Leasehold property can be a heavy liability on the unwary!
A lease is a contract that imposes numerous obligations on the parties involved, particularly the tenant, and it is essential that the scope of these is fully understood before signing on the dotted line.
Unfortunately, repairing covenants do not just relate to "dilapidations" that arise during the lease term but also to damage and disrepair that exists at the commencement of the term, even if caused by the previous tenant, and it is essential, therefore, to have a preliminary survey undertaken, to establish both the level of liability at the beginning of the term and the probable liability that will arise during the term.

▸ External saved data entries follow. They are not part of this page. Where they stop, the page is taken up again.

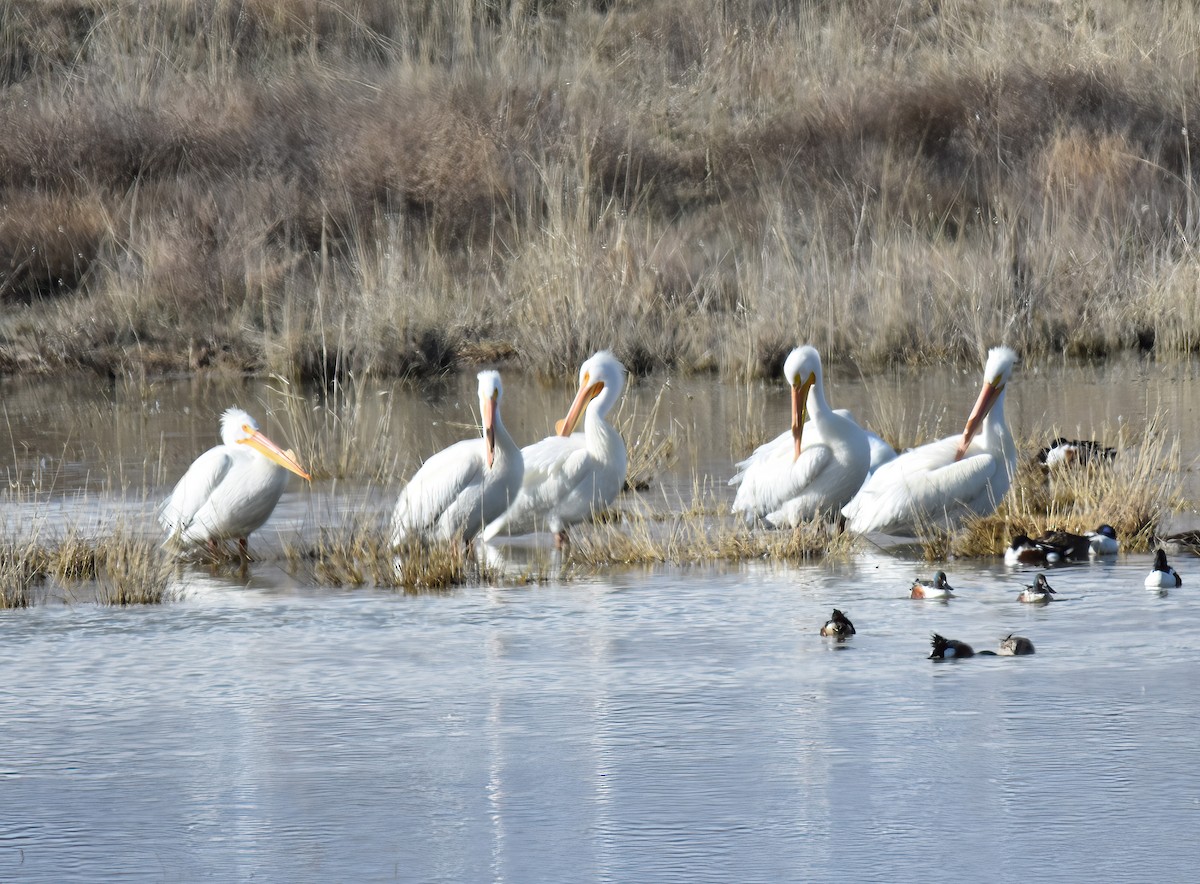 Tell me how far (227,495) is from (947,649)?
3.51 metres

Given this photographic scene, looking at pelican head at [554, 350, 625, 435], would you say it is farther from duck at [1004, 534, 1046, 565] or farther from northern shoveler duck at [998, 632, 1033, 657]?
northern shoveler duck at [998, 632, 1033, 657]

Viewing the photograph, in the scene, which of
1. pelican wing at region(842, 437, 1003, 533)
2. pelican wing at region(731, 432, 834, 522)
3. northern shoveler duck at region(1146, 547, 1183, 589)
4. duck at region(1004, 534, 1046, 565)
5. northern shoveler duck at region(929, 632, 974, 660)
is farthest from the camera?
pelican wing at region(731, 432, 834, 522)

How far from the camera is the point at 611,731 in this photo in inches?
216

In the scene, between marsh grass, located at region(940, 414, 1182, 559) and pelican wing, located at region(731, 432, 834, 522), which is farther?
pelican wing, located at region(731, 432, 834, 522)

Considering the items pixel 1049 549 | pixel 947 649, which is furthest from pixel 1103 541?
pixel 947 649

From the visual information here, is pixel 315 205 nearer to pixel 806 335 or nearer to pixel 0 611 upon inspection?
pixel 806 335

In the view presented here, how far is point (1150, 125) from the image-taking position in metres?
21.0

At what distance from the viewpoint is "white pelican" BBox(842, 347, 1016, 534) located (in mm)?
8461

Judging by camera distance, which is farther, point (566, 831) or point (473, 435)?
point (473, 435)

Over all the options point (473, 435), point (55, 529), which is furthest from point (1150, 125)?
point (55, 529)

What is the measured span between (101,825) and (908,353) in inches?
440

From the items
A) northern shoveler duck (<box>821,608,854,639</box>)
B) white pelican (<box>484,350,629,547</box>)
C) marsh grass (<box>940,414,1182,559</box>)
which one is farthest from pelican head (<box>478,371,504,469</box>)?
northern shoveler duck (<box>821,608,854,639</box>)

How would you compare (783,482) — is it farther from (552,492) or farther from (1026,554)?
(1026,554)

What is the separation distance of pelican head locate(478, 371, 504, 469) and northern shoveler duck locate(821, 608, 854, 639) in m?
Answer: 2.09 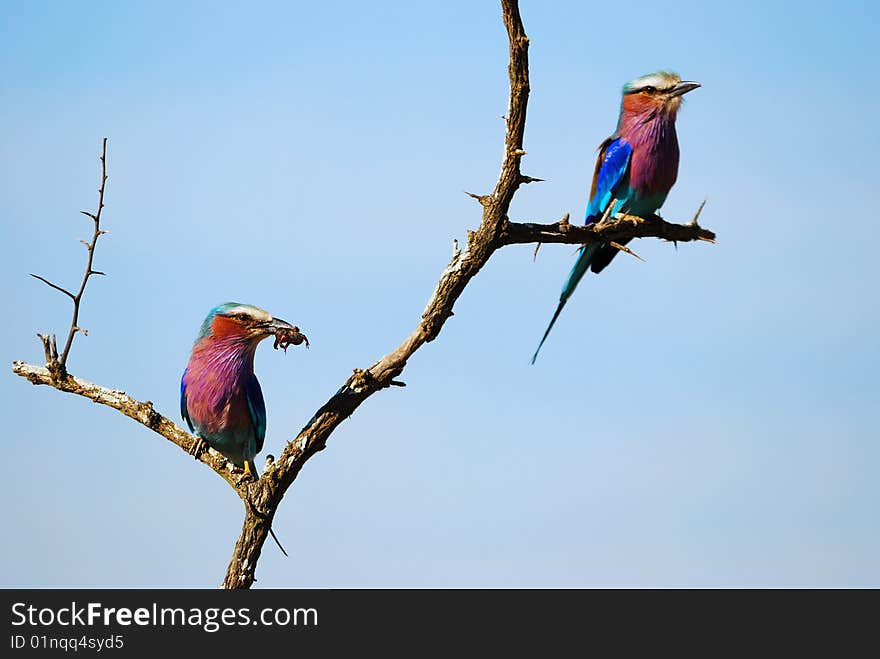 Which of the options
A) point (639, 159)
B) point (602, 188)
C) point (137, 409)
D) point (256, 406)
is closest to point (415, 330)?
point (256, 406)

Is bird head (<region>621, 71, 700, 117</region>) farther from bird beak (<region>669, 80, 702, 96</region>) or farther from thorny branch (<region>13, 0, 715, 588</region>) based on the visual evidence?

With this information in hand the tenant will be better placed to negotiate a fairer deal with the landlord, perhaps by way of a cap on liability (or on the service charge if this is the means by which the landlord recoups his costs), or the agreement to attach a "Schedule of Condition" to the lease, to limit liability to only those dilapidations that arise during the lease term. Alternatively, the landlord may agree to undertake the necessary works of repair, or agree to a rent free period to cover the estimated value of the dilapidations.
In the event that a "Schedule of Dilapidations" has been served we are able to negotiate effectively on behalf of the tenant, to reduce the "settlement claim", following clearly established legal proceedures.
Of course, we are able also to prepare for landlords appropriate schedules for service on tenants and to offer comprehensive advice on tenants' performance in complying with their repairing obligations.